Frederick Schauer


Legal systems, and especially common-law legal systems, claim to place special weight in their decision-making on the constraints of precedent. In law, more than elsewhere, legal decision-makers are expected to follow previous decisions just because of the very existence of those decisions, and thus without regard to the current decision-maker’s agreement with or persuasion by the content of those previous decisions. It is the very “pastness” of previous decisions, and not necessarily the current decision-maker’s view of the correctness of those previous decisions, that gives the previous decisions their authority. Why this is so, and, more importantly, what it means for it to be so, is the principal topic of this chapter.

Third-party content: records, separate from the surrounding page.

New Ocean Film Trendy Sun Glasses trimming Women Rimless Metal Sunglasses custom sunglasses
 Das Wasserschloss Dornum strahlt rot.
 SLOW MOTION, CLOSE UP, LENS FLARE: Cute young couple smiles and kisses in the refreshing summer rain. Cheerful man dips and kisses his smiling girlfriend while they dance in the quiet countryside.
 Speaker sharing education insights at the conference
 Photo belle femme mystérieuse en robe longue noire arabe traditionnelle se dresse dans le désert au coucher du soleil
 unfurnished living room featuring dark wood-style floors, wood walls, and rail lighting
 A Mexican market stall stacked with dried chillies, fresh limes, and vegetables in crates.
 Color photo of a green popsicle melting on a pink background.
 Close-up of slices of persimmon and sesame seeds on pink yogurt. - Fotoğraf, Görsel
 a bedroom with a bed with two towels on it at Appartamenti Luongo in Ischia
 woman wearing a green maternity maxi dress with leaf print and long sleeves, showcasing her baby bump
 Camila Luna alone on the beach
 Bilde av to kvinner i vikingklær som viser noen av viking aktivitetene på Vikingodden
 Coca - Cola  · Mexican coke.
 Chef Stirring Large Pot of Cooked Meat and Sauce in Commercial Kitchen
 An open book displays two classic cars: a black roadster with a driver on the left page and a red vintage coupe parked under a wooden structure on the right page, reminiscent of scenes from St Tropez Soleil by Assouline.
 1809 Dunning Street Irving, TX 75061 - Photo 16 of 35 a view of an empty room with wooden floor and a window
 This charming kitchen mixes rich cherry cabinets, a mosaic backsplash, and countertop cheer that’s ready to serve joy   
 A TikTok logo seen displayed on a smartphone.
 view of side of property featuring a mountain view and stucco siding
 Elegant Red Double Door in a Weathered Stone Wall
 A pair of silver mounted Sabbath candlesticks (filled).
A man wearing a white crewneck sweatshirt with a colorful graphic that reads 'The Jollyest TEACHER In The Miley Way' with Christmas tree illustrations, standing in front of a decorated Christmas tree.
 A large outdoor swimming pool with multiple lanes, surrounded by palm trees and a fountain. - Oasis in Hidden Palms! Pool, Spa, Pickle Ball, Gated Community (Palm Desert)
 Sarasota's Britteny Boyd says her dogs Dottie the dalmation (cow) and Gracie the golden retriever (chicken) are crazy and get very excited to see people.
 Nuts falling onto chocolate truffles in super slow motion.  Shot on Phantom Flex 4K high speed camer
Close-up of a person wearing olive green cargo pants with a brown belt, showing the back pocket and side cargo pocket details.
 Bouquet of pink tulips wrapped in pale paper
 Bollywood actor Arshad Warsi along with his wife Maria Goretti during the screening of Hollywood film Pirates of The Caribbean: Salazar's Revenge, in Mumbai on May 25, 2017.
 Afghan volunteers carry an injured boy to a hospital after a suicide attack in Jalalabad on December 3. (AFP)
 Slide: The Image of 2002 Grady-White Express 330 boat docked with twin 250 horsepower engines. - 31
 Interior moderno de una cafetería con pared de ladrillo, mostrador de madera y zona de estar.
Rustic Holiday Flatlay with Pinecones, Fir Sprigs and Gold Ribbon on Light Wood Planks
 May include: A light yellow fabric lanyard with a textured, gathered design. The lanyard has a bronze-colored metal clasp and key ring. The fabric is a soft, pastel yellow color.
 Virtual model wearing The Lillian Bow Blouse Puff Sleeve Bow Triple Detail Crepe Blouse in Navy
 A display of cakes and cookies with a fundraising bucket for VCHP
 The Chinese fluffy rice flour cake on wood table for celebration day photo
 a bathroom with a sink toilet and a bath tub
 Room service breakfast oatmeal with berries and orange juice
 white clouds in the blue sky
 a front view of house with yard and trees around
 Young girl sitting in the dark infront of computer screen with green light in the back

It is worth noting at the outset that precedent, although arguably concentrated in, and more important in, law than in other decision-making domains, and more important in, common-law legal systems than in their civil-law counterparts, is by no means unique to legal decision-making. Younger children who demand to be treated just as their older siblings were treated at the same age are relying on arguments from precedent, as are consumers who insist on being given the same prices and terms as those offered to prior customers, as are members of committees and other collective decisionmaking bodies who treat the very existence of a previous committee decision on some subject as providing a reason to make the same decision on some subsequent occasion.

But although arguments from precedent, as well as the correlative arguments against a proposed course of action for fear of creating a dangerous precedent, appear at times to be ubiquitous, such arguments are alleged to have greater weight in the law, and to be more pervasive in the law as well. Whether these comparative claims of frequency and weight are in fact true is an interesting and important empirical question, but in this chapter I nevertheless assume the truth of the conventional wisdom that a norm of precedent is, descriptively, a more central feature of legal decision-making than it is of decision-making, even good decision-making, generally. Thus, although the analysis presented in this chapter may have some application to any domain in which arguments from precedent have some purchase, it will still be focused almost entirely on the law.

Precedent: The Basic Idea

Precedent is centrally about the (not necessarily conclusive) obligation of a decisionmaker to make the same decision that has been made on a previous occasion about the same or similar matters. That seems straightforward enough, but it is nevertheless important to distinguish two different dimensions of precedent. One, which we can label vertical precedent, describes the obligation of a court to follow the decision made by a court above it in the judicial hierarchy on the same question, even if that question has arisen in a different case (Schauer 2009: 36–37). When trial courts make decisions on questions of law (as opposed to determining the facts in the particular matter before them), they are expected to follow—toobey—the decisions of the appellate courts that sit above them in what can be analogized to the military chain of command, just as the first-stage appellate courts must, in turn, follow the decisions made by courts abovethem. So, in the American federal courts, for example, federal district courts are obliged to follow the decisions of the court of appeals in their circuit, and the courts of appeals are similarly obliged to follow the decisions of the Supreme Court of the United States.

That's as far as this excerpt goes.